473,804 Members | 2,314 Online
Bytes | Software Development & Data Engineering Community
+ Post

Home Posts Topics Members FAQ

newby question: Splitting a string - separator

Hi all,

i am having a textfile which contains a single string with names.
I want to split this string into its records an put them into a list.
In "normal" cases i would do something like:
#!/usr/bin/python
inp = open("file")
data = inp.read()
names = data.split()
inp.close()


The problem is, that the names contain spaces an the records are also
just seprarated by spaces. The only thing i can rely on, ist that the
recordseparator is always more than a single whitespace.

I thought of something like defining the separator for split() by using
a regex for "more than one whitespace". RegEx for whitespace is \s, but
what would i use for "more than one"? \s+?

TIA,
Tom
Dec 8 '05
13 1458
On Fri, 09 Dec 2005 18:02:02 -0800, James Stroud wrote:
Thomas Liesner wrote:
Hi all,

i am having a textfile which contains a single string with names.
I want to split this string into its records an put them into a list.
In "normal" cases i would do something like:

#!/usr/bin/python
inp = open("file")
data = inp.read()
names = data.split()
inp.close( )

The problem is, that the names contain spaces an the records are also
just seprarated by spaces. The only thing i can rely on, ist that the
recordseparator is always more than a single whitespace.

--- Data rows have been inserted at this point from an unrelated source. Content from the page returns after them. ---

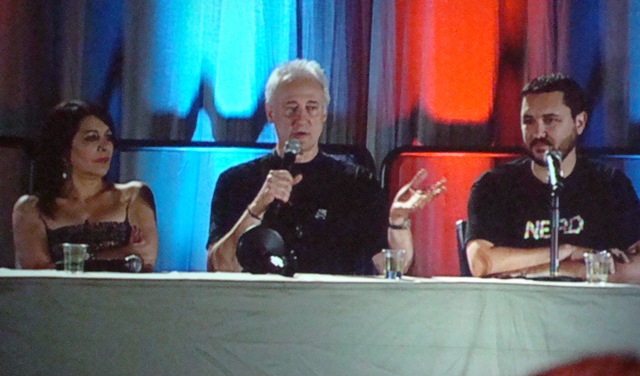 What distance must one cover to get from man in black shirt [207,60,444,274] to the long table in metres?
1.56

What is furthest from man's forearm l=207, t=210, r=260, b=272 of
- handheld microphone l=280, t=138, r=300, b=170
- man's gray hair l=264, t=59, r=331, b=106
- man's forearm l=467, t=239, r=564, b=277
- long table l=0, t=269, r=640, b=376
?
long table l=0, t=269, r=640, b=376

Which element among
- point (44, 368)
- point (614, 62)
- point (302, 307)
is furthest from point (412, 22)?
point (44, 368)

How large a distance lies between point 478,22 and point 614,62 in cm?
66

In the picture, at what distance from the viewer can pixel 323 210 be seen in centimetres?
397

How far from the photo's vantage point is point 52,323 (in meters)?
2.15

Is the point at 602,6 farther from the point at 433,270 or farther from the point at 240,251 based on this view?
the point at 240,251

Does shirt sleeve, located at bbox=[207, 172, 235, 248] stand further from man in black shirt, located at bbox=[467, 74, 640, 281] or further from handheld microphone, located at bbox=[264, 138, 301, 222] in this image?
man in black shirt, located at bbox=[467, 74, 640, 281]

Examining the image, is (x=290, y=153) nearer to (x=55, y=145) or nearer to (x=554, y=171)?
(x=554, y=171)

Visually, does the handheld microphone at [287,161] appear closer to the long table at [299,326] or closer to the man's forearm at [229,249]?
the man's forearm at [229,249]

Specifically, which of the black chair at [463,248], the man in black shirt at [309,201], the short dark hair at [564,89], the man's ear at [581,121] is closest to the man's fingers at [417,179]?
the man in black shirt at [309,201]

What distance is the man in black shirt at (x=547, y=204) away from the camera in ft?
12.7

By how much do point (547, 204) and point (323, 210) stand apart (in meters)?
0.98

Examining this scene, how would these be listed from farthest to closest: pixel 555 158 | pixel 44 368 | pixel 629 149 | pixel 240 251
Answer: pixel 629 149 → pixel 555 158 → pixel 240 251 → pixel 44 368

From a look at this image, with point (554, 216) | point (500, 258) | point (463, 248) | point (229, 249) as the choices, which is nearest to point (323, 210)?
point (229, 249) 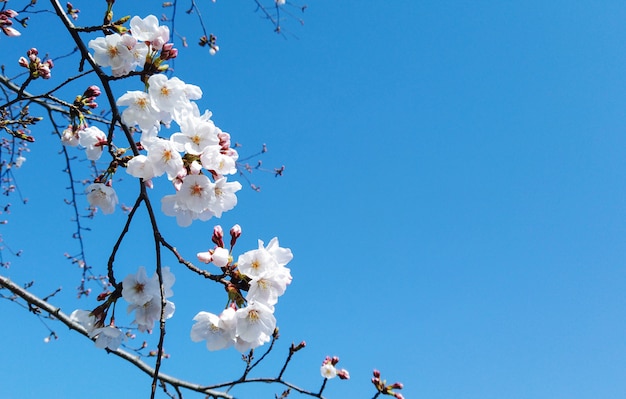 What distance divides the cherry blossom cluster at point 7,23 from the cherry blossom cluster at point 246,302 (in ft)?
6.41

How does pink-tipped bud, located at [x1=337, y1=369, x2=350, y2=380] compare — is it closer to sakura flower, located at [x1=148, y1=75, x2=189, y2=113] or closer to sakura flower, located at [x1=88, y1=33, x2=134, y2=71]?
sakura flower, located at [x1=148, y1=75, x2=189, y2=113]

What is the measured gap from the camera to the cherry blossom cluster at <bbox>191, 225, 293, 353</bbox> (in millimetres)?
1544

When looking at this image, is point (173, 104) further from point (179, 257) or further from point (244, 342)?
point (244, 342)

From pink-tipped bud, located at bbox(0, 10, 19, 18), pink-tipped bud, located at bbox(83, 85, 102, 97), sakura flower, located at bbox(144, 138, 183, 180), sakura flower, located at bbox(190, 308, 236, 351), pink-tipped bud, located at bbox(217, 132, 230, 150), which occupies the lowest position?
sakura flower, located at bbox(190, 308, 236, 351)

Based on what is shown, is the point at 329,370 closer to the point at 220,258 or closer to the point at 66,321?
the point at 66,321

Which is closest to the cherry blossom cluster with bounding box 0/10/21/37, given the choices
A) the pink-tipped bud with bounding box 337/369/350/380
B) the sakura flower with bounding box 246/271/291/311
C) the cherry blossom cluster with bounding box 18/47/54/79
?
the cherry blossom cluster with bounding box 18/47/54/79

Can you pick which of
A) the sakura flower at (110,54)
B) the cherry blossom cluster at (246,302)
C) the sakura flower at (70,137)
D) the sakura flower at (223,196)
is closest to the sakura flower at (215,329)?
the cherry blossom cluster at (246,302)

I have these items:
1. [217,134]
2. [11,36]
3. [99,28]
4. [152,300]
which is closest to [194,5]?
[11,36]

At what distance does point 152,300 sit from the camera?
1673 mm

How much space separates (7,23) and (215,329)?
2.16 metres

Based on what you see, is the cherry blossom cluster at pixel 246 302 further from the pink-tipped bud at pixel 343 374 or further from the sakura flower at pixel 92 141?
the pink-tipped bud at pixel 343 374

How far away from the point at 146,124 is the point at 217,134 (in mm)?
337

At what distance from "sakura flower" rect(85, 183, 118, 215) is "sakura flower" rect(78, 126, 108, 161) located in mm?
148

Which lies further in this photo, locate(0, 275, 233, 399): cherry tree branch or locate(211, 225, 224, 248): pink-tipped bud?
locate(0, 275, 233, 399): cherry tree branch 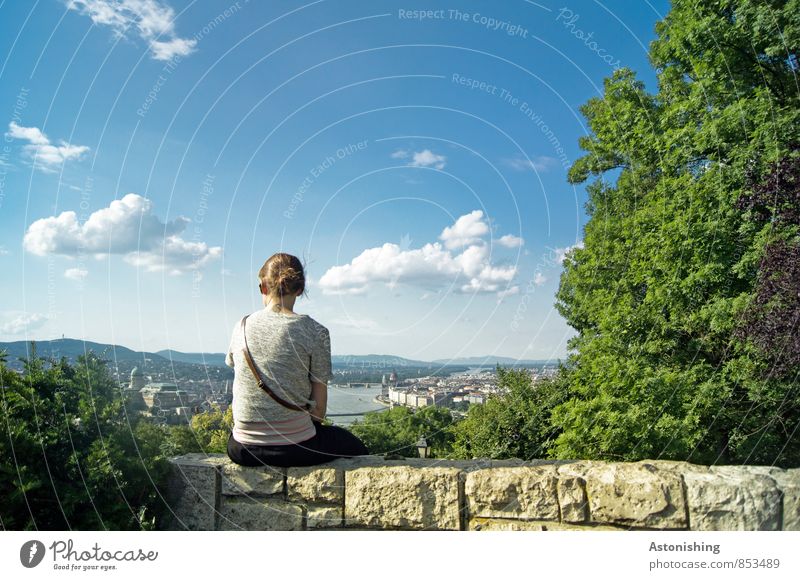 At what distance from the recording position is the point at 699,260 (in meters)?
7.49

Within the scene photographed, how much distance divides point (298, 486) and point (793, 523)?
2.87 m

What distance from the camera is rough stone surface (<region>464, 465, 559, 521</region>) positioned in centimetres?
289

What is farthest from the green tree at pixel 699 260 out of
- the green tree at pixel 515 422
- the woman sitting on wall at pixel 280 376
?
the woman sitting on wall at pixel 280 376

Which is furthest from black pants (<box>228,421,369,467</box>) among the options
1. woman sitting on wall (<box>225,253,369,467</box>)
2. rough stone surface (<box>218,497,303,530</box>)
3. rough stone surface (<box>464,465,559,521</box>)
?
rough stone surface (<box>464,465,559,521</box>)

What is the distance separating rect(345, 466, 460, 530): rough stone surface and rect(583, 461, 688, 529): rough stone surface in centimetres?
79

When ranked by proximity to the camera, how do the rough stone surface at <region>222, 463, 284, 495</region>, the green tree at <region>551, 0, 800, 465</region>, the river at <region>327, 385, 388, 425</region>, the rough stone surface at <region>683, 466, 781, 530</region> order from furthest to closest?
the green tree at <region>551, 0, 800, 465</region>
the river at <region>327, 385, 388, 425</region>
the rough stone surface at <region>222, 463, 284, 495</region>
the rough stone surface at <region>683, 466, 781, 530</region>

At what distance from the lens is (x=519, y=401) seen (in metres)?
12.0

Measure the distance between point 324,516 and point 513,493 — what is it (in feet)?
3.66

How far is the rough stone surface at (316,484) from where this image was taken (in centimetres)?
302

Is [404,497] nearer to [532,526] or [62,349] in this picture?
[532,526]

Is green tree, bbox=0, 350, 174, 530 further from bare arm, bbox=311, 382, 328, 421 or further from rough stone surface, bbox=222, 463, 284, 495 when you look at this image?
bare arm, bbox=311, 382, 328, 421

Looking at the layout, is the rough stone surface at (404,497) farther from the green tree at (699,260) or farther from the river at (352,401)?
the green tree at (699,260) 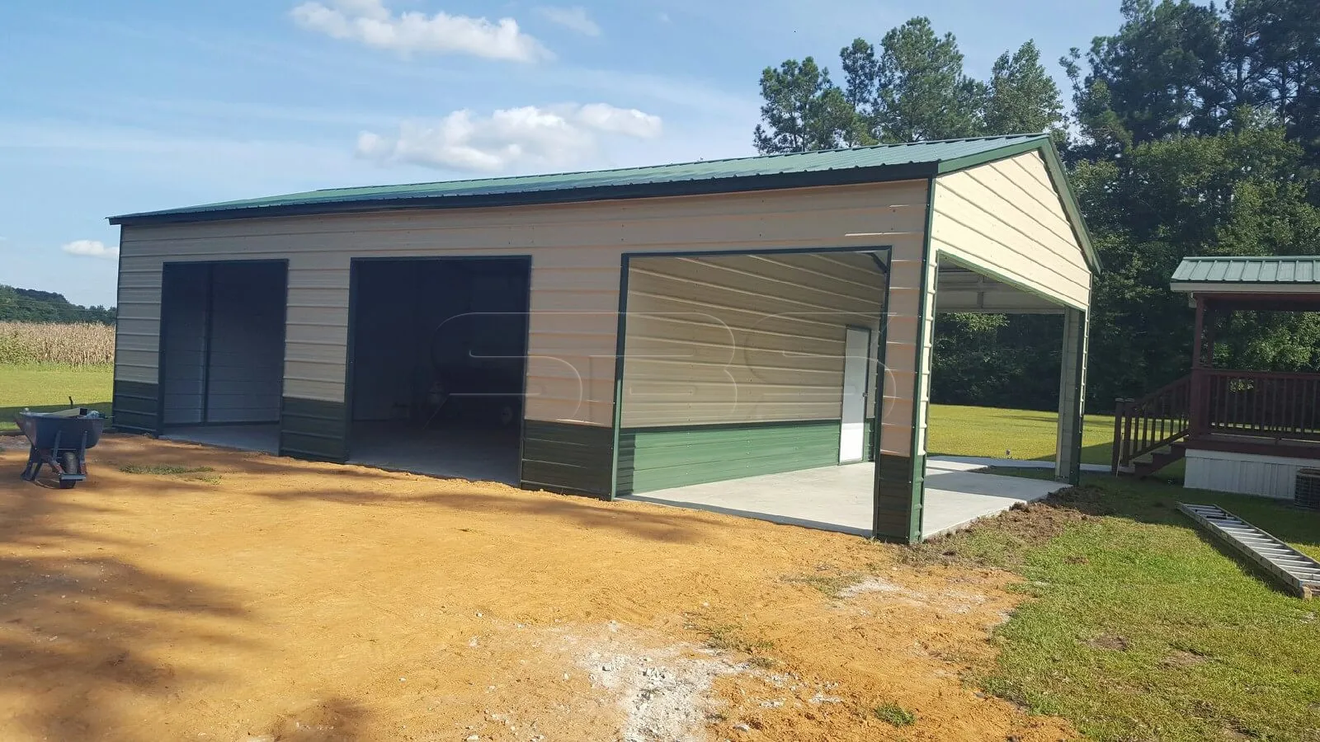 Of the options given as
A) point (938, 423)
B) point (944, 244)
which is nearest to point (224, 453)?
point (944, 244)

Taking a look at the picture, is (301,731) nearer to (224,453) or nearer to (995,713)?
(995,713)

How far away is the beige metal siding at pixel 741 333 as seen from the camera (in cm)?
955

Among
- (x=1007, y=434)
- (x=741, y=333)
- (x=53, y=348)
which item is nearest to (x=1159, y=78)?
(x=1007, y=434)

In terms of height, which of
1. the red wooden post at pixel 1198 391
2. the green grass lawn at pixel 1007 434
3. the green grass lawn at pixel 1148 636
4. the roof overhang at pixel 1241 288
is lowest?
the green grass lawn at pixel 1148 636

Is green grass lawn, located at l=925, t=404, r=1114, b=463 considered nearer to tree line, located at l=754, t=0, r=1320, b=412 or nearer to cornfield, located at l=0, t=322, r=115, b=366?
tree line, located at l=754, t=0, r=1320, b=412

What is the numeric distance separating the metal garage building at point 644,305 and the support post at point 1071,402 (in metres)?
0.04

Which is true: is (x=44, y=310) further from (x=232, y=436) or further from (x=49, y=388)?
(x=232, y=436)

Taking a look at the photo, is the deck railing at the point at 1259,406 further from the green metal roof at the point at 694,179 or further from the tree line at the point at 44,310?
the tree line at the point at 44,310

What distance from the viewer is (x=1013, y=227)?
32.0 feet

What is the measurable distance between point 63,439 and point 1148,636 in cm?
861

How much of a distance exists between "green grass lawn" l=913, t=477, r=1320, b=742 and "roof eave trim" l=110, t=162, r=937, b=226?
3021 mm

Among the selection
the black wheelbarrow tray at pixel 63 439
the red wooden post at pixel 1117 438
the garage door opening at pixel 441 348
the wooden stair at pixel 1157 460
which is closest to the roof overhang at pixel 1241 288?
the red wooden post at pixel 1117 438

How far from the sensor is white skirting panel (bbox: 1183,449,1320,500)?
12.0 metres

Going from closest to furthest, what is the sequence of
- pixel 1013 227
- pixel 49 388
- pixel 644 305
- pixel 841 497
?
pixel 644 305 → pixel 1013 227 → pixel 841 497 → pixel 49 388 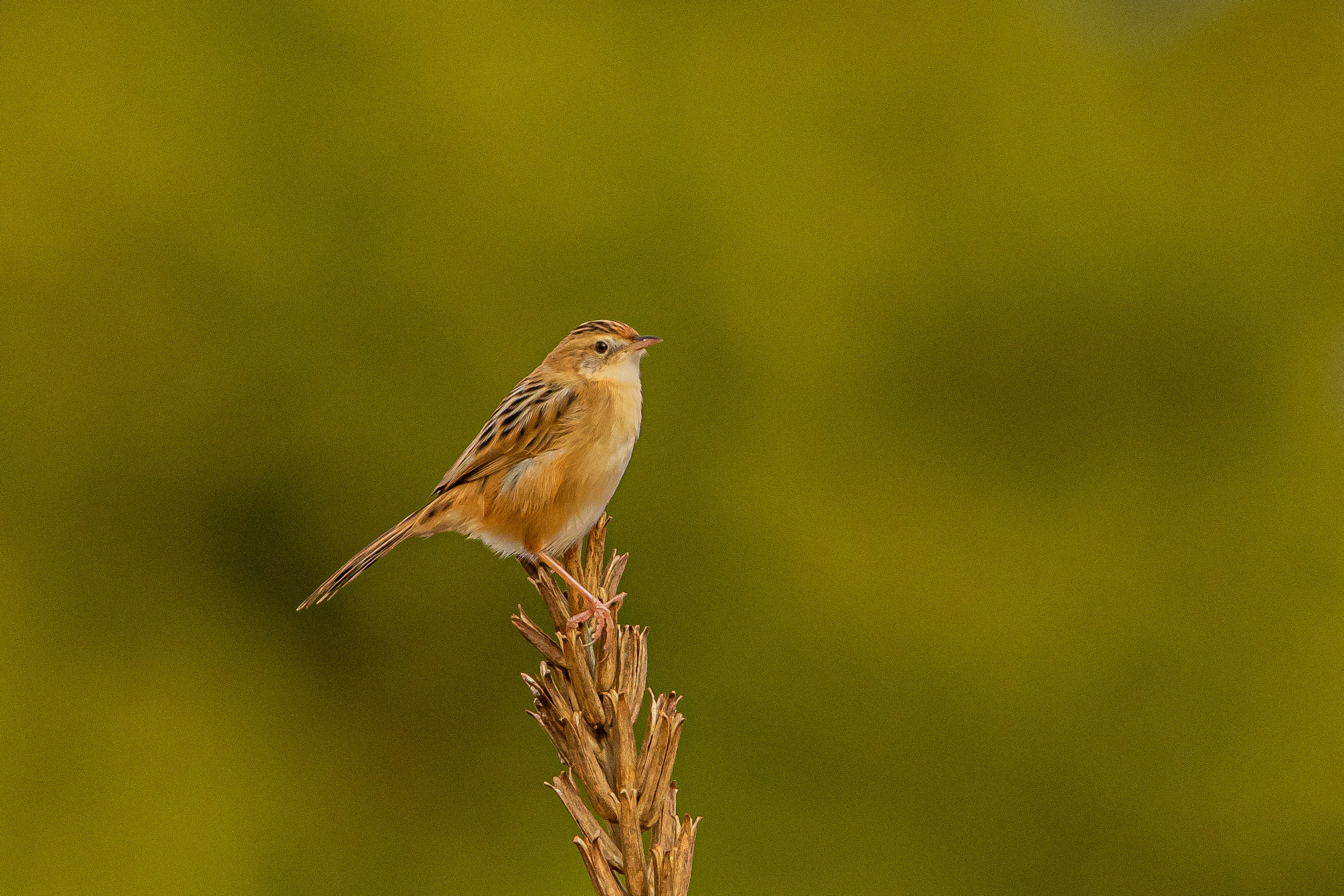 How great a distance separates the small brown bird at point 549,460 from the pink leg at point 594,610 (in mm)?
560

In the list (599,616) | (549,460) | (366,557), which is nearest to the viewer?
(599,616)

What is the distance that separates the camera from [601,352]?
4.42 metres

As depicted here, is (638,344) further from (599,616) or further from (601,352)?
(599,616)

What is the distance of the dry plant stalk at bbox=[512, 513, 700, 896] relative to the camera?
1846 mm

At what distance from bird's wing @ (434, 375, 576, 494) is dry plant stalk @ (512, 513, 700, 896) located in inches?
56.3

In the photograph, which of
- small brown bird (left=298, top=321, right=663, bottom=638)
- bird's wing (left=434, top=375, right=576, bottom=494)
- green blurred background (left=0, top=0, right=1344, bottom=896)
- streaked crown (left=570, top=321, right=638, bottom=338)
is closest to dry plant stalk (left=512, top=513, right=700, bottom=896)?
small brown bird (left=298, top=321, right=663, bottom=638)

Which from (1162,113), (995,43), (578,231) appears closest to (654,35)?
(578,231)

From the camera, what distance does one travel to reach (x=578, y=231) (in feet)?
38.6

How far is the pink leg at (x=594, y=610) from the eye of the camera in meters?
2.28

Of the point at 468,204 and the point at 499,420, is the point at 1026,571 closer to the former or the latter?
the point at 468,204

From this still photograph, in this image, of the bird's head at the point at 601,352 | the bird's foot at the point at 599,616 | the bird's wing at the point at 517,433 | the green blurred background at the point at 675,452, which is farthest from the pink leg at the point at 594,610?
the green blurred background at the point at 675,452

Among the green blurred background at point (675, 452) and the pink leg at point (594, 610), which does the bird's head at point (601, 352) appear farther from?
the green blurred background at point (675, 452)

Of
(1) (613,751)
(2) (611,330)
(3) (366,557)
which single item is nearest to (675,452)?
(2) (611,330)

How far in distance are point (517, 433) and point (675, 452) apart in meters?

I thought of something like defining the separator for split() by using
a regex for "more than one whitespace". RegEx for whitespace is \s, but
what would i use for "more than one"? \s+?

TIA,
Tom


The one I like best goes like this:

py> data = "Guido van Rossum Tim Peters Thomas Liesner"
py> names = [n for n in data.split() if n]
py> names
['Guido', 'van', 'Rossum', 'Tim', 'Peters', 'Thomas', 'Liesner']

I think it is theoretically faster (and more pythonic) than using regexes.

Yes, but the correct result would be:

['Guido van Rossum', 'Tim Peters', 'Thomas Liesner']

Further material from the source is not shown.